The need for moral leadership in schools compels us to seek new models for school leadership. This self-study captures the actual experience of a beginning principal using a reflective practitioner methodology in an effort to explore the "principal as minister" metaphor. The purpose of the study is to discover the similarities and differences between the role of a principal and a minister in a particular school setting and in the context of one principal's experience. Stories and vignettes of the first year and a half of the principalship were written using the participant observer lens. Reflection on the applicability and use of the "principal as minister" are a key focus of the study.
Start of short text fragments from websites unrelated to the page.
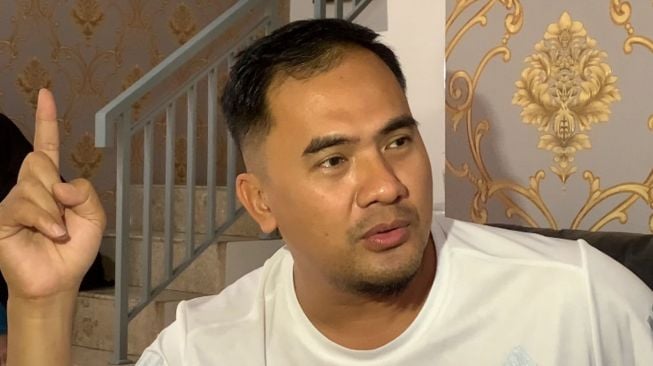 Saipul Jamil Ditangkap Polisi di Jalur TransJakarta, Keluarga Gelar Konsultasi Hukum di Polsek Tambora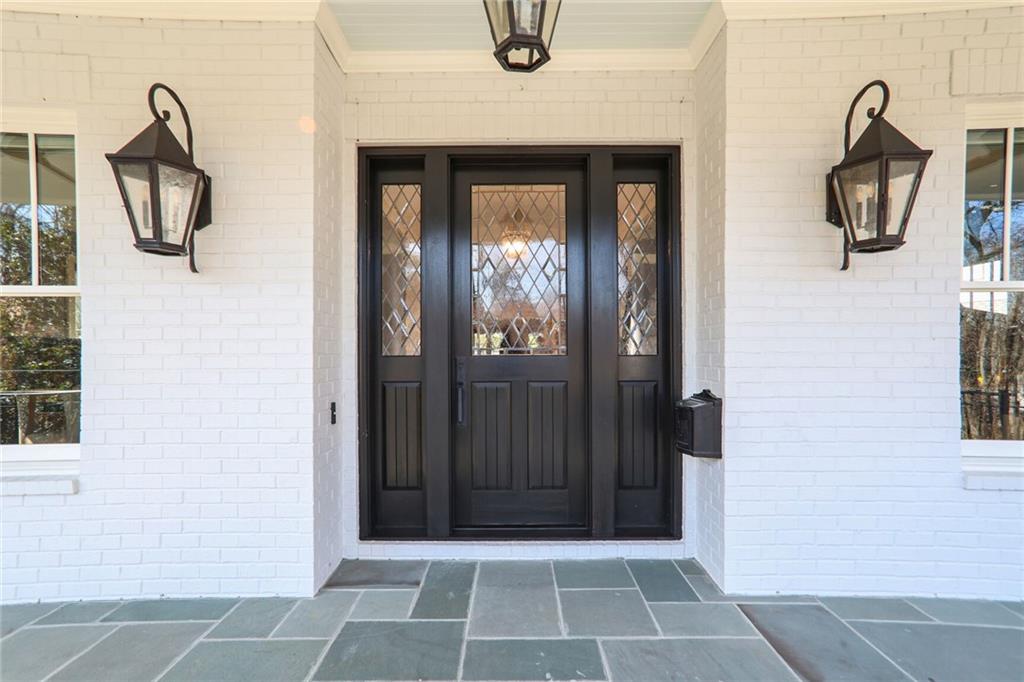 18 Polo Drive NE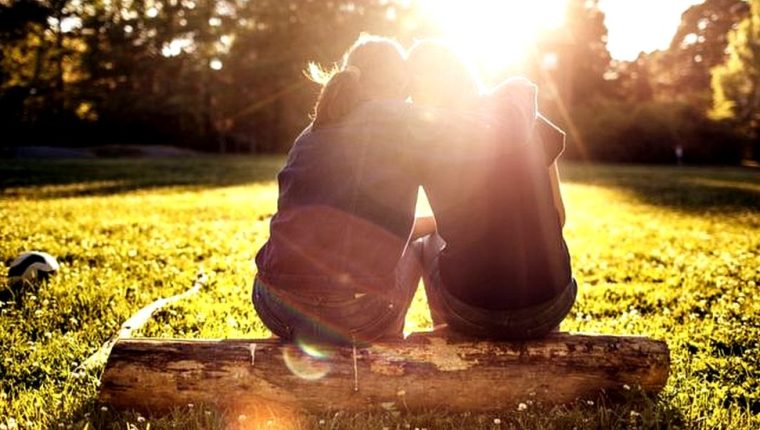 Qué decir (y qué no) a una familia que ha perdido un bebé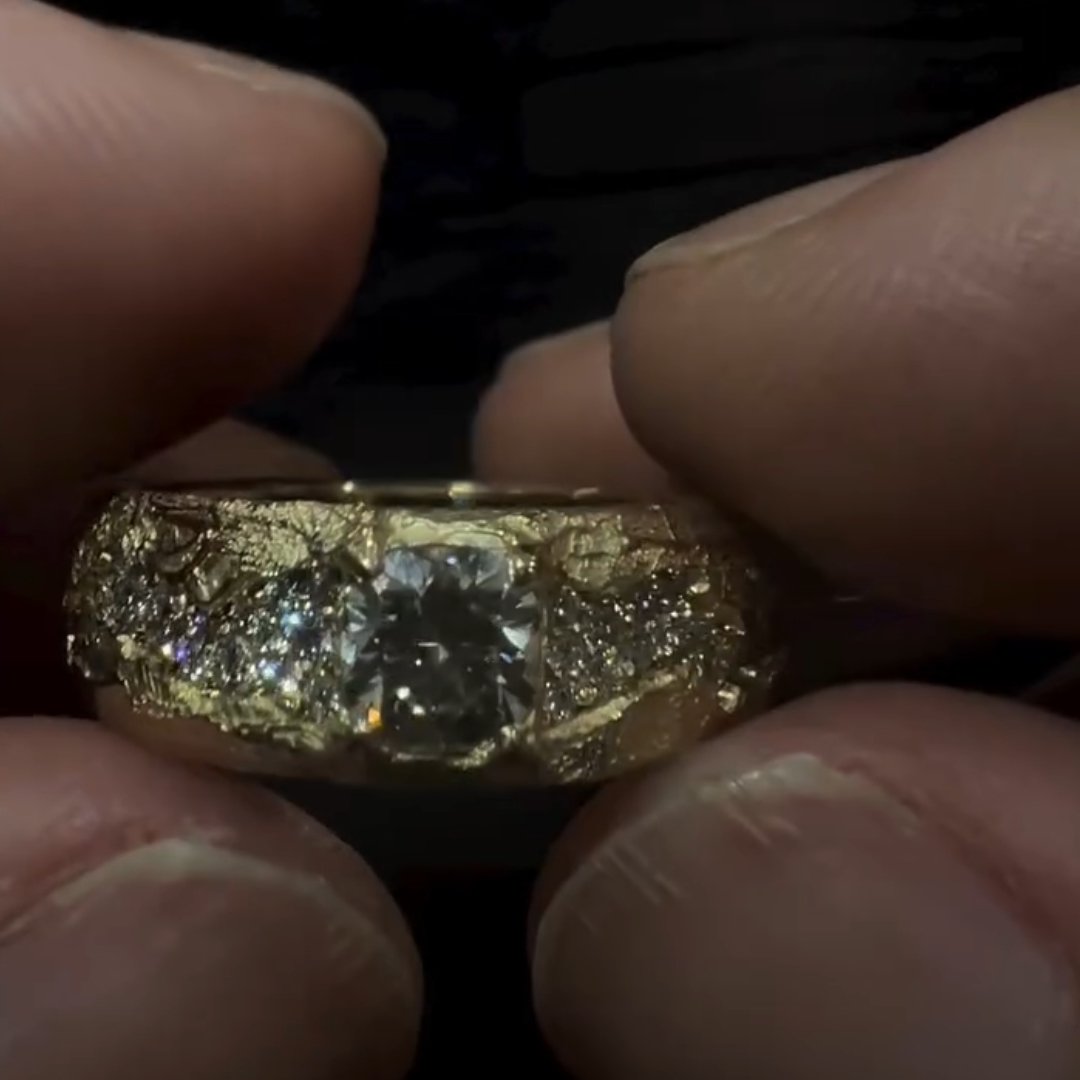 2.03ctw Vintage Finish Wide Band Ring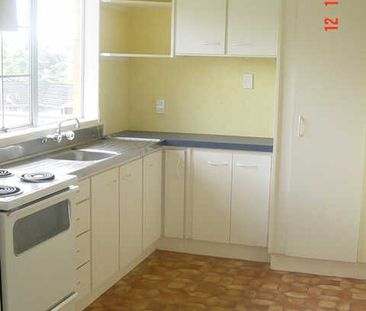 2 bedroom apartment (second level), 1 living, 1 bathroom (separate ... - Photo 1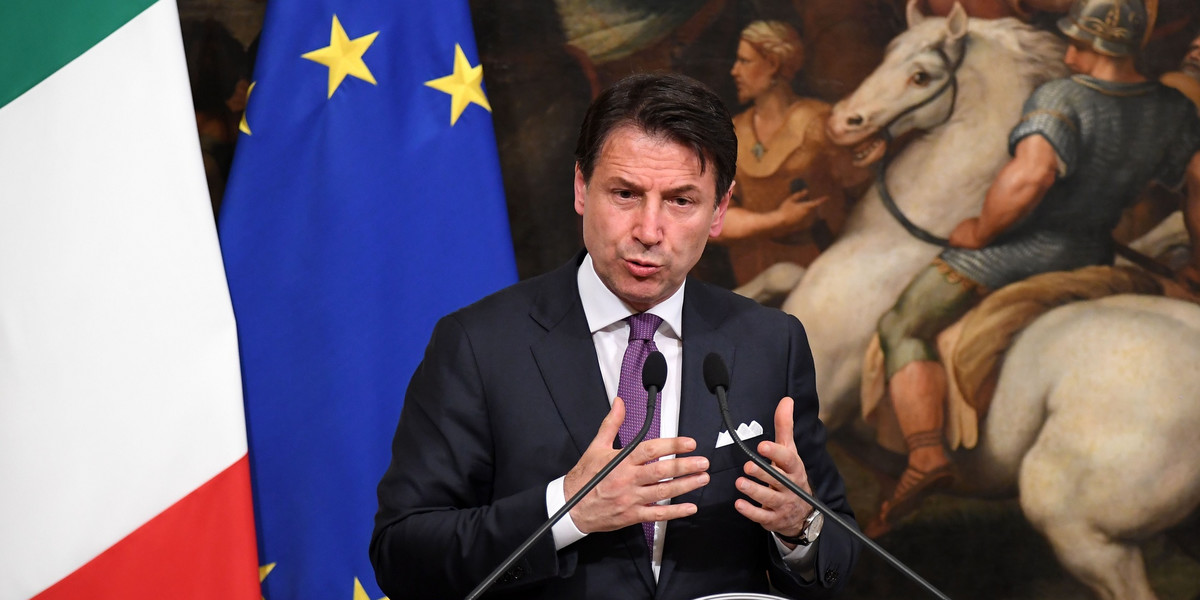 Państwa UE uzgodniły we wtorek, że uruchomienie procedury nadmiernego deficytu wobec Włoch z powodu wysokiego zadłużenia tego kraju jest uzasadnione. Na zdjęciu premier Włoch Giuseppe Conte.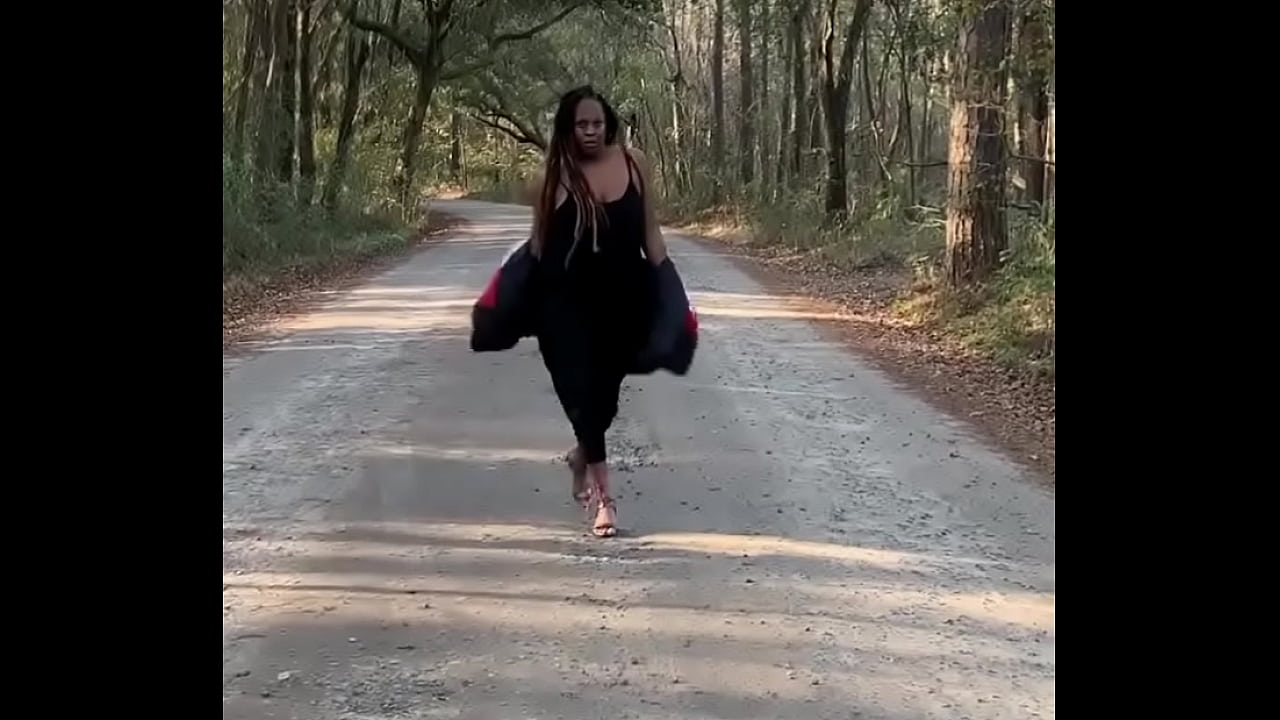 IT&rsquo;S EASY FOR ME TO TURN IT ON!!!!#Blacktrans #Ebonytrans #BlackTgirl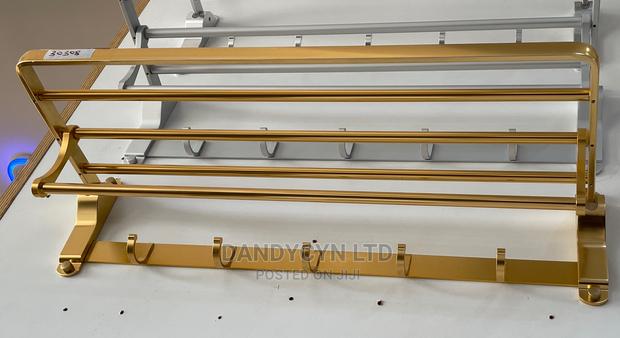Multi Towel Rack With Hooks · Photo 4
The purpose of the study was two-fold: to explore the fit between the role of the principal and the minister and to study how leadership practice of one principal was affected by reflection on the "principal as minister" metaphor. Findings identify similarities between the role of a principal and a minister. Specifically, both share the following four functions: Pastoral, Prophetic, Priestly, and Pedagogic. In addition, sixteen skill dimensions are demonstrated: enabling others, developing trust, affirming others, sharing self, healing others, managing conflict, establishing vision, eliciting faith, admonishing others, building community, teaching others, modeling best practice, giving blessings, establishing ritual, and presiding and celebrating. Findings indicate that the use of the "principal as minister" metaphor provided a dynamic and interrelated "talkback" system for studying leadership practice in the participant-observer's experience. The metaphor was most often evoked in situations that invited competing agendas. The metaphor served both as a purpose and as a method in guiding leadership practice. Findings also reveal that reflection provided a consistent focus and enhanced awareness of the principal's role. Implications of the study for leadership theory and staff development are discussed.